BEIJING, China — Not so long ago, it was popular in China to point at school shootings in the United States as evidence of major problems in American society.
These days, after spate of horrifying mass murders at primary schools across this country, China is doing some soul-searching of its own into what leads to random school killings.
Voicing an ever-common sentiment in China, Chinese Premier Wen Jiabao said the recent outbreak of deadly school violence is indicative of underlying social problems.
“Apart from taking immediate action to increase security at schools across the country, we need to pay attention to the deeper motives that lead directly to these problems,” Wen reportedly told Hong Kong’s Phoenix TV in a Friday interview.

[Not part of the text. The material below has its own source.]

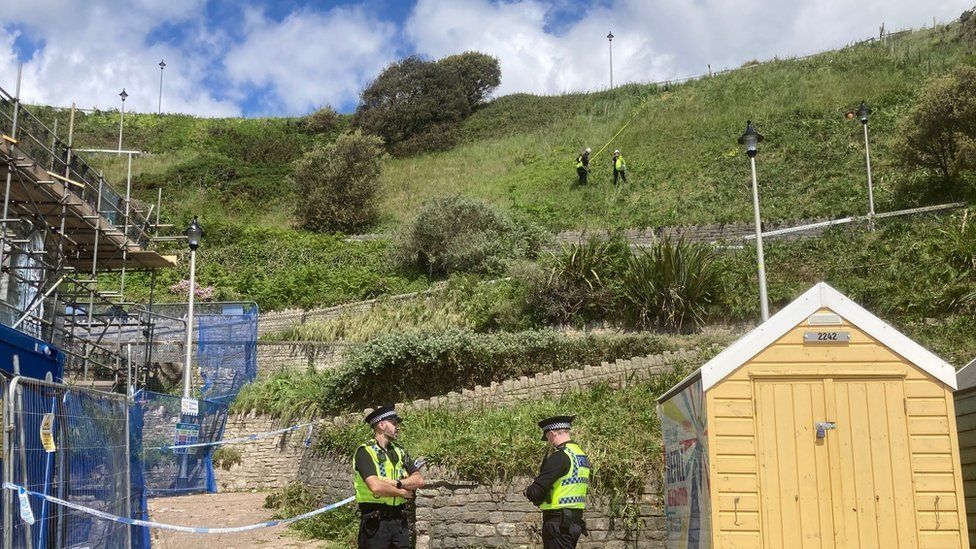 Police search teams on ropes scoured nearby cliffs for evidence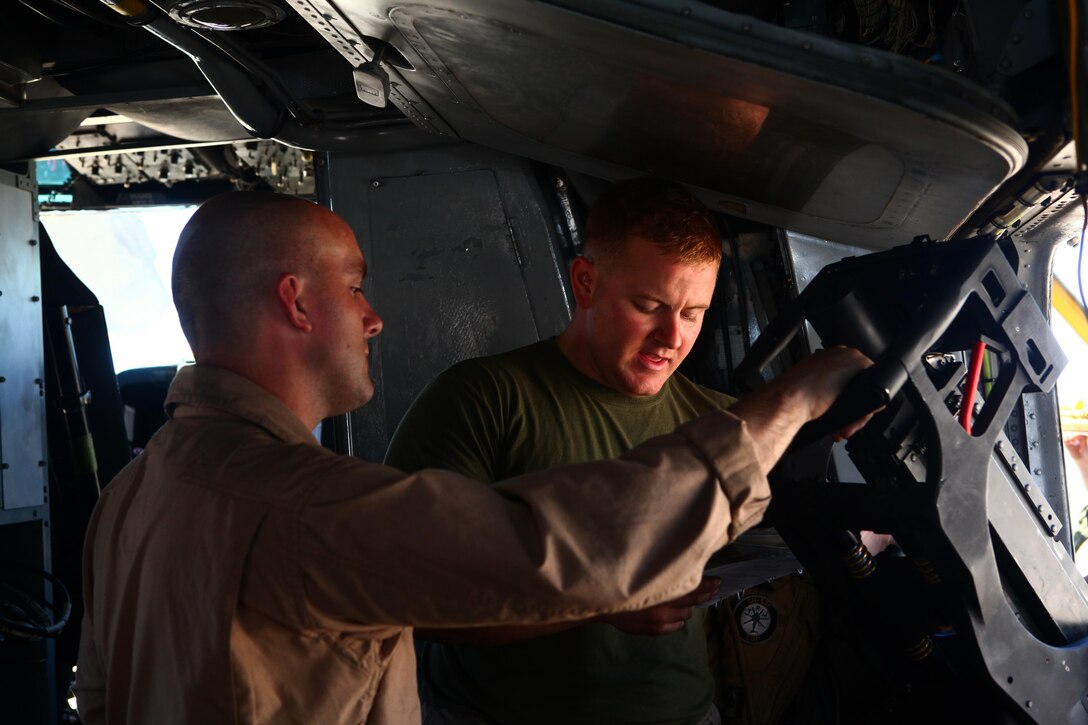 Sgt. Christopher Johnson, right, an aerial gunner instructor with Marine Heavy Helicopter Squadron 465 "Warhorses" and a Youngstown, Ohio, native, goes over information before a training mission with Staff Sgt. Franklin Williams, left, an aviation ordnance technician with the Warhorses and a San Diego native, aboard Marine Corps Air Station Miramar, Calif., July 17. Johnson served as one of Williams evaluators for the mission so he could earn his aerial observer's wings.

“That includes handling a number of points of social tension, resolving disputes and strengthening conciliatory measures at the roots of our society,” Wen said.
After five mass attacks on schoolchildren in different parts of the country since March, Wen has finally voiced what many Chinese have been talking about in private and public: The mass killings might be more about societal problems than random madmen.
More aggressive Chinese media has been making this point for a couple of weeks, but it was not until the murders of six children and two adults by a cleaver-wielding man at a kindergarten in Shaanxi province earlier this week that a top government leader addressed what might be at the root of the rage killings.
The murders have shared a few common factors: all involved middle-aged men reportedly angry about their own personal circumstances. In each case, the schools were simply staging grounds; the children victims unrelated to the cause or the murderer.
At first, government-run media was quick to write off the killings as committed by mentally ill men, with no greater meaning. It’s now clear that something else is going on.